EXERCISE DESCRIPTION: Output the lines from the one containing "ND license plate HBY389" through the last line of the material below, exactly; please do not include pictures.

GIVEN INFORMATION:
------------------------

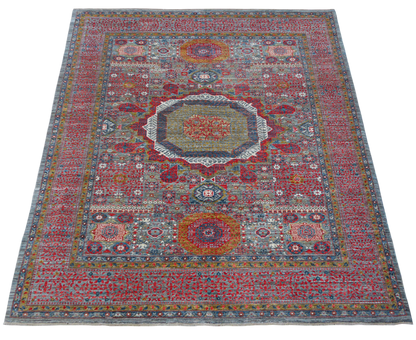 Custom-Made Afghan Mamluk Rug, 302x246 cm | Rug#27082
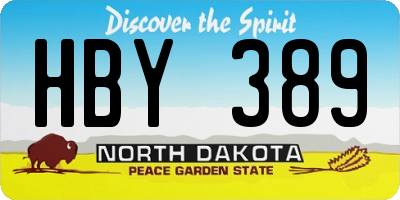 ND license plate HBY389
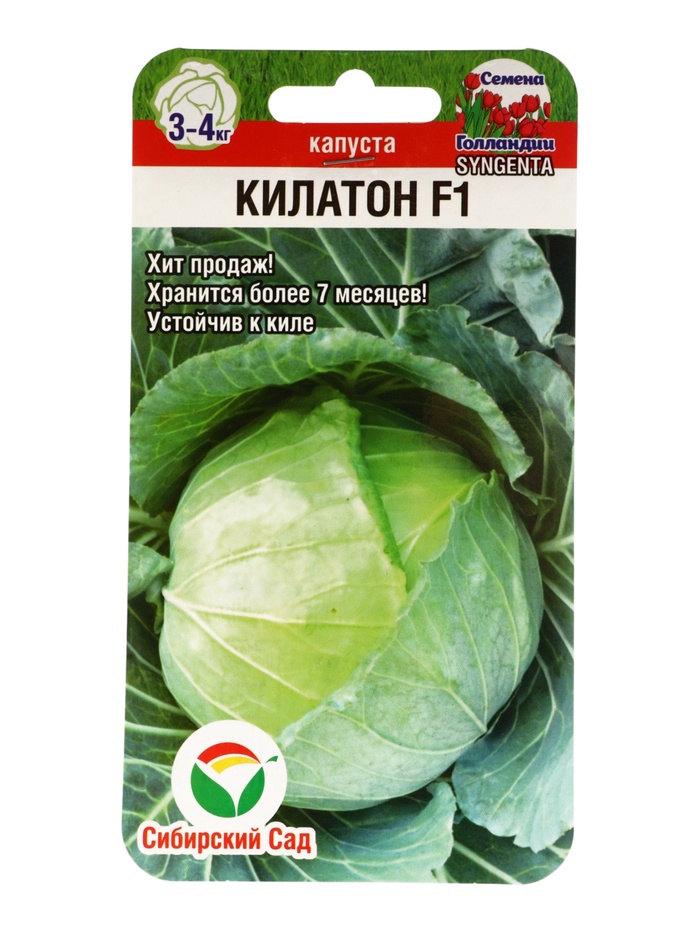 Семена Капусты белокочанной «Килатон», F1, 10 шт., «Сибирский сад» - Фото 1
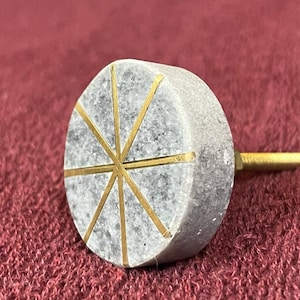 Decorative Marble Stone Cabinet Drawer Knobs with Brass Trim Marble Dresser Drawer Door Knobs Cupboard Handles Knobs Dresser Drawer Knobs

------------------------

TASK SOLUTION:
 ND license plate HBY389
 Семена Капусты белокочанной «Килатон», F1, 10 шт., «Сибирский сад» - Фото 1
 Decorative Marble Stone Cabinet Drawer Knobs with Brass Trim Marble Dresser Drawer Door Knobs Cupboard Handles Knobs Dresser Drawer Knobs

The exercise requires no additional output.